Axelrod asked, “Desi Arnaz, father of reruns?”

“Yes!” said Gunderson. “And the story goes that CBS executives laughed at him, and said, ”Who’s gonna want to watch them after they aired?'”

It turned out everyone would – which is why, 70 years later, Lucille and Desi are still cultural icons – the subject of a new Aaron Sorkin movie, “Being the Ricardos,” with Nicole Kidman and Javier Bardem; and a novel, “The Queen of Tuesday,” by Darin Strauss.

“She was famous to a degree that hadn’t existed before her, really,” Strauss said. “When they’d cut to commercial, the water tables would drop in the big cities, ’cause the entire country was going to the bathroom at the same time.”

While intrigued by her immense public appeal, Strauss found her private pain most compelling. “She and Desi were perfect together, except for the fact that they weren’t,” he said. “She loved him. He loved her. And yet, they couldn’t live together.”

On camera, Arnaz was an understanding, loving husband. Off-camera, he was an alcoholic and a womanizer. “She knew she couldn’t divorce him, because that would let the country down,” said Strauss. “That’s how powerful that bond was for us. It was like a civic bond.”

In his novel, Strauss gives Lucy love in the form of an affair, with his own grandfather. “I wanted to give her a love story of her own; that’s why I told this story in this way,” he said.

But that’s fiction. The fact: Lucy and Desi did eventually divorce. Both remarried. But most poignantly, Strauss says, if she were asked at the end of her life who was the love of her life, she would have said, “Desi Arnaz. Absolutely.”

“At the root,” said Kate Luckinbill, “they were connected by their souls.”

She should know; she’s their granddaughter. “We had a very special bond,” she said.

“Your grandparents did remain in love ’til the end of their lives?” asked Axelrod.

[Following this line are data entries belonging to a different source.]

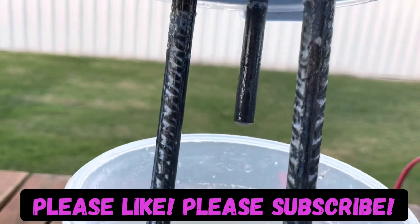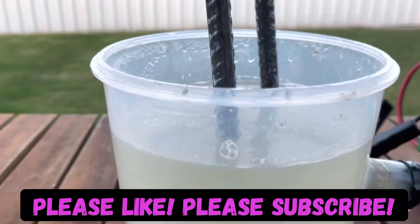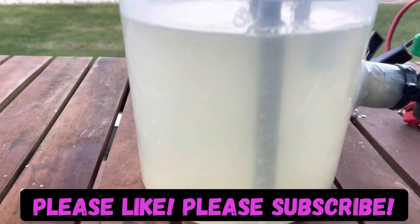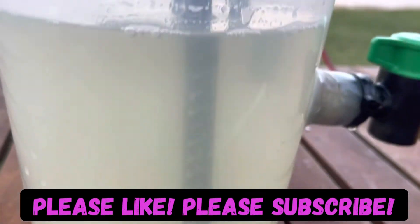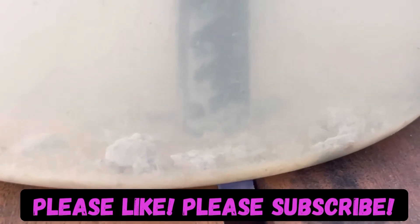The rods are not perfect by any means but they're a lot cleaner than what they were. Hopefully that makes better contact with the solution or the electrolyte. As you can see, there is quite a bit of that white material that's floated to the bottom.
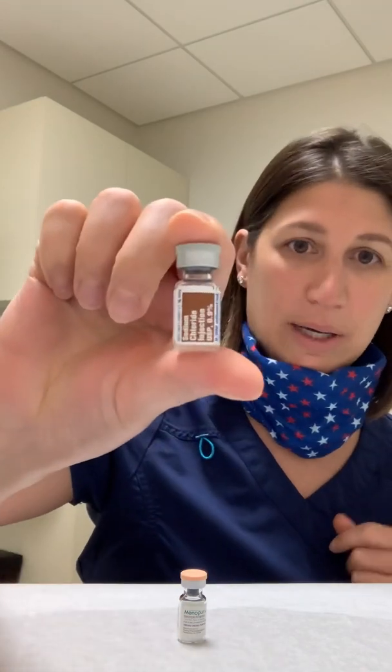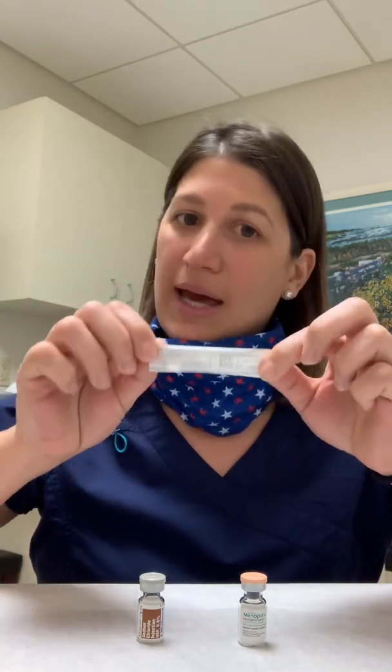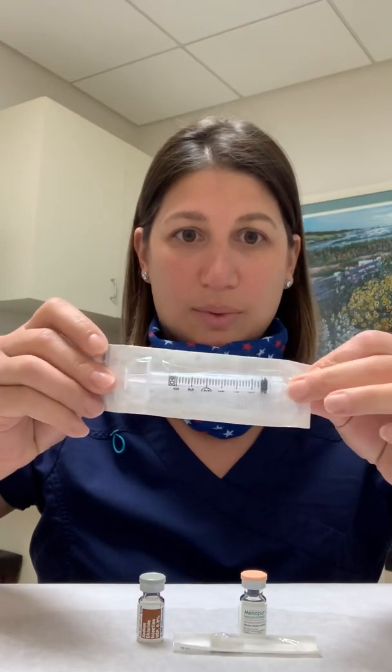If you're on one vial of Menopur, what you're going to have in front of you is the actual Menopur with the peach cap, a bottle of saline. In this bottle, there's two cc's of fluid — you're only going to be drawing out one unless we tell you otherwise, so there will always be leftover fluid. You do not need to save it, you can throw it right out. You will also have a 27-gauge half-inch needle, a 3cc syringe with no needle attached to it, and your Q-cap.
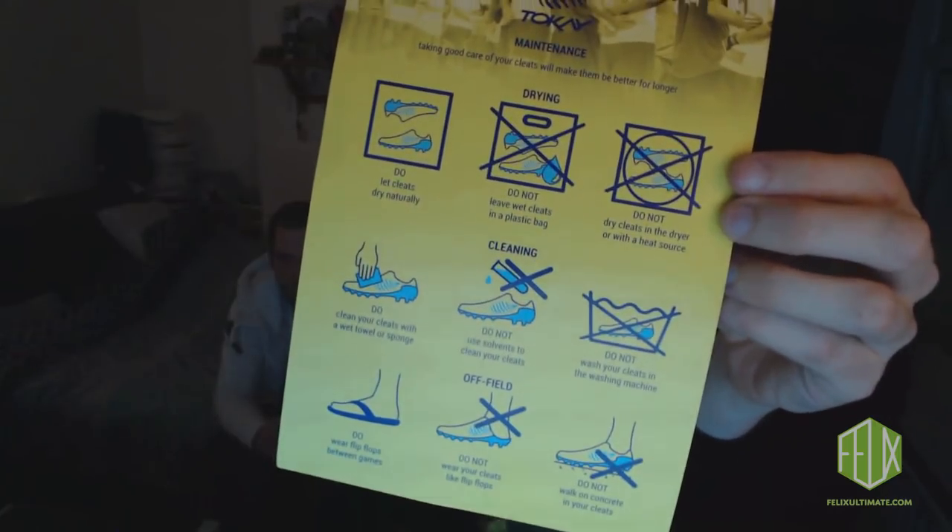They are waterproof. It's got a maintenance sheet inside. We can take it out as well. And there are extra insoles included.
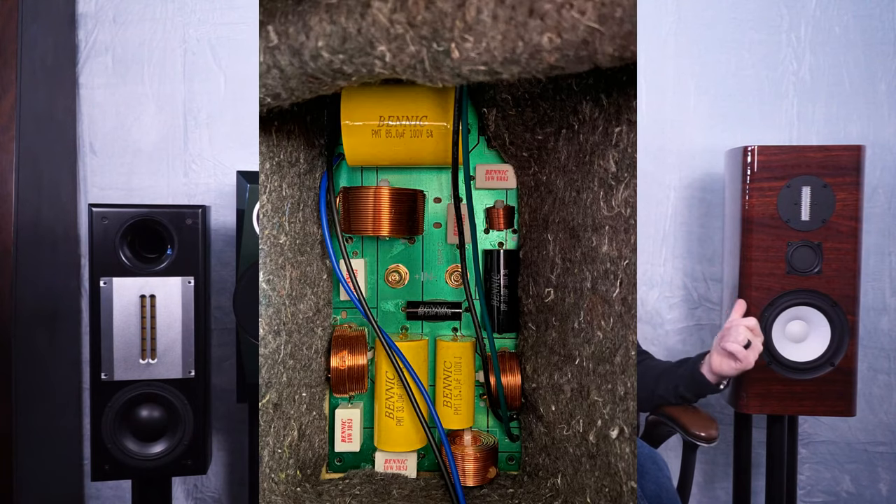There are no electrolytic caps in the crossovers — as a matter of fact, there is a very large poly cap at the upper end of this crossover. Quality parts through and through. Yes, the cabinets do come from China — there has to be some cost saving somewhere. I dare you to find a better performing stand-mount speaker for $2,000 or less. As somebody who's looked high and low — I love the Dali Rubicons, but the Dali Rubicons start at $2,500 without stands.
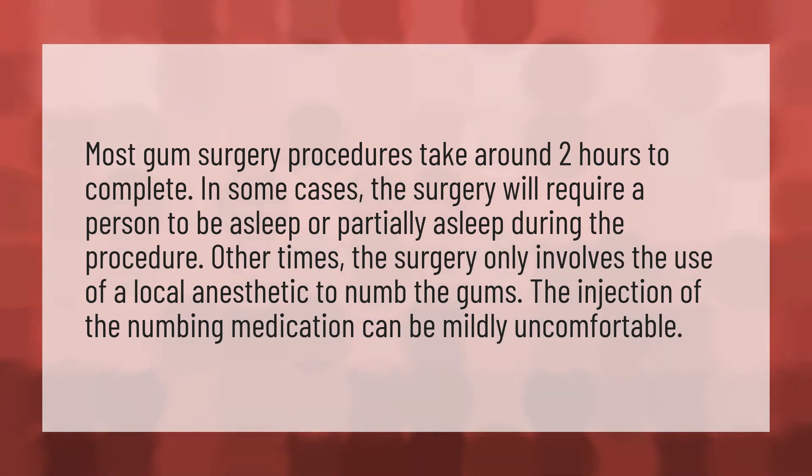Other times, the surgery only involves the use of a local anesthetic to numb the gums. The injection of the numbing medication can be mildly uncomfortable.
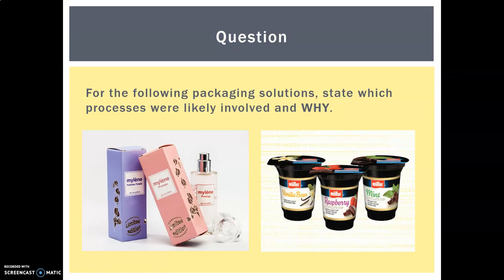To finish off, before we recap, I'd like you to think about the following packages and bring the answers to class: which processes do you think were probably involved and why? On the first one, we have a very expensive perfume bottle and its packaging — it has a shiny surface and a very good quality finish. On the other, we have a yogurt pot made of plastic with a plastic film across the top. Think about that, make a note, and we'll go through the answers in class.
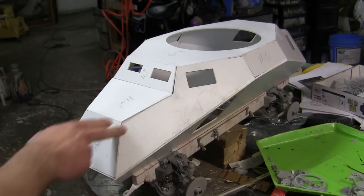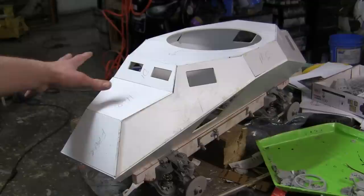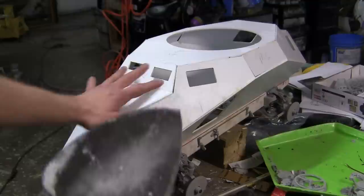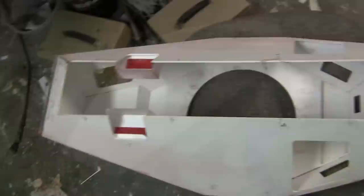I will be using the Black and Decker Mouse palm sander, complete with 120 grit sandpaper. The 120 grit is a nice type of sandpaper for this plastic — anything coarser will really scuff up the surface, and anything finer will be too fine and will need to be replaced before the sanding is complete. 120 grit does an ample job; it is a nice medium grit which removes all of the overhanging without over-scuffing the plastic surface.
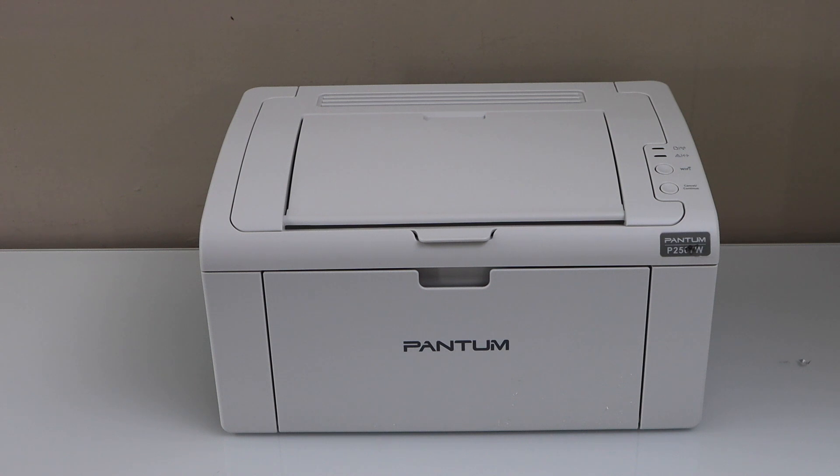In this video, I am going to show you how to set up your Pantom P2509W printer with the smartphone.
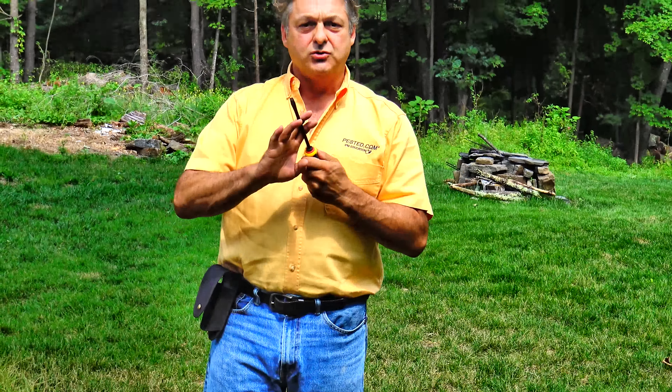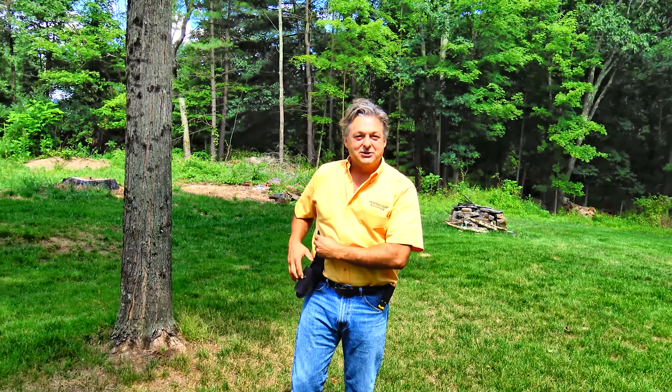So we've finished our inspection of this property for conducive conditions to household pests. We've pretty much checked out everything that can be checked out without going into excruciating detail or ripping things apart. The last thing you want to do after saying goodbye to your customer and preparing any reports is make sure you didn't leave anything behind. I've got my screwdriver but I don't have my flashlight — it's somewhere in the house, probably on the dryer in the basement. It's $125, so I've got to go back and get it. Thank you for watching this PestEd.com video — we'll see you next time.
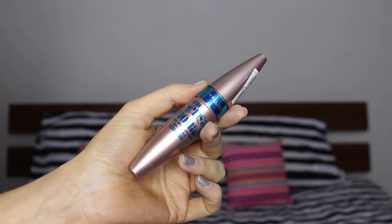I've then added lots of my Maybelline Lash Sensational Mascara to my top and bottom lashes.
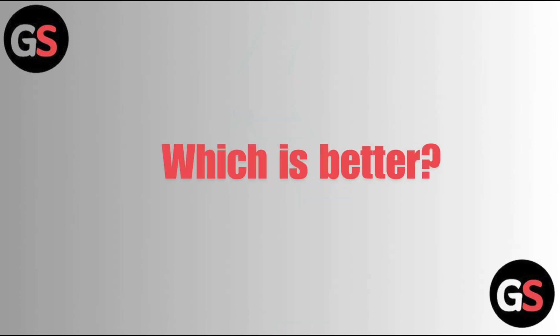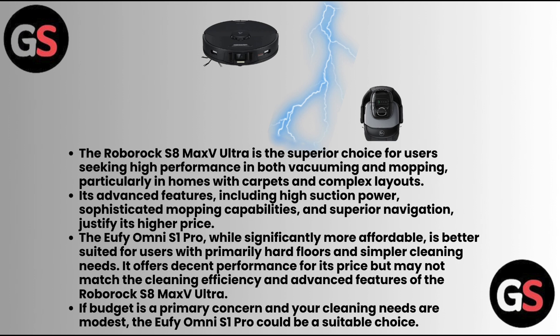Which is better? The Roborock S8 Max V Ultra is the superior choice for users seeking high performance in both vacuuming and mopping, particularly in homes with carpets and complex layouts. Its advanced features, including high suction power, sophisticated mapping capabilities, and superior navigation, justify its higher price. The Eufy Omni S1 Pro, while significantly more affordable, is better suited for users with primarily hard floors and simpler cleaning needs. It offers decent performance for its price but may not match the cleaning efficiency and advanced features of the Roborock S8 Max V Ultra.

“Uh-huh. Completely, madly, deeply.”

Luckinbill is now the head of creative direction at Desilu, the studio founded by her grandparents. Years after “I Love Lucy,” Lucille Ball greenlit shows like “Star Trek,” “The Untouchables,” and “The Twilight Zone.”

And she is keeper of the “I Love Lucy” flame: “There’s a healing quality to that show. That’s what I feel I’m here to do, is to remind people of the elixir that they brought the world.”

Luckinbill is protective of the memory of her grandfather, who died in 1986 at the age of 69, and her grandmother, who died three years later from an aortic aneurysm, at 77.

But she also wants to look at them honestly.

Axelrod asked, “Better we allow the illusion to move aside and let’s deal with the reality?”

“Yeah, yeah,” Luckinbill said. “And why it’s so important not to let people like that die in their 70s from a heart explosion and alcoholism. Because neither of them should’ve been gone. They died of sadness and trauma, both of them.”

No Hollywood ending, perhaps, but what Lucy and Desi did give the world still has an extraordinary impact 70 years later.

Just ask young Yolanda Glass: “That was, like, the first time I got to see a female being funny and silly and embarrassing. And it was cool! I feel like when I was really little, there was this idea that you have to be polite and quiet as a woman. And when I watched her show, that was the first introduction of, ‘You don’t have to be quiet. You could be funny. You could be loud. And it was okay.'”

“And guess what? America’s gonna love it!” said Axelrod.

“Right. And they’re gonna love it so much, we’re gonna be on for decades. And people in my generation, the next generation, and the next generation, are gonna know.”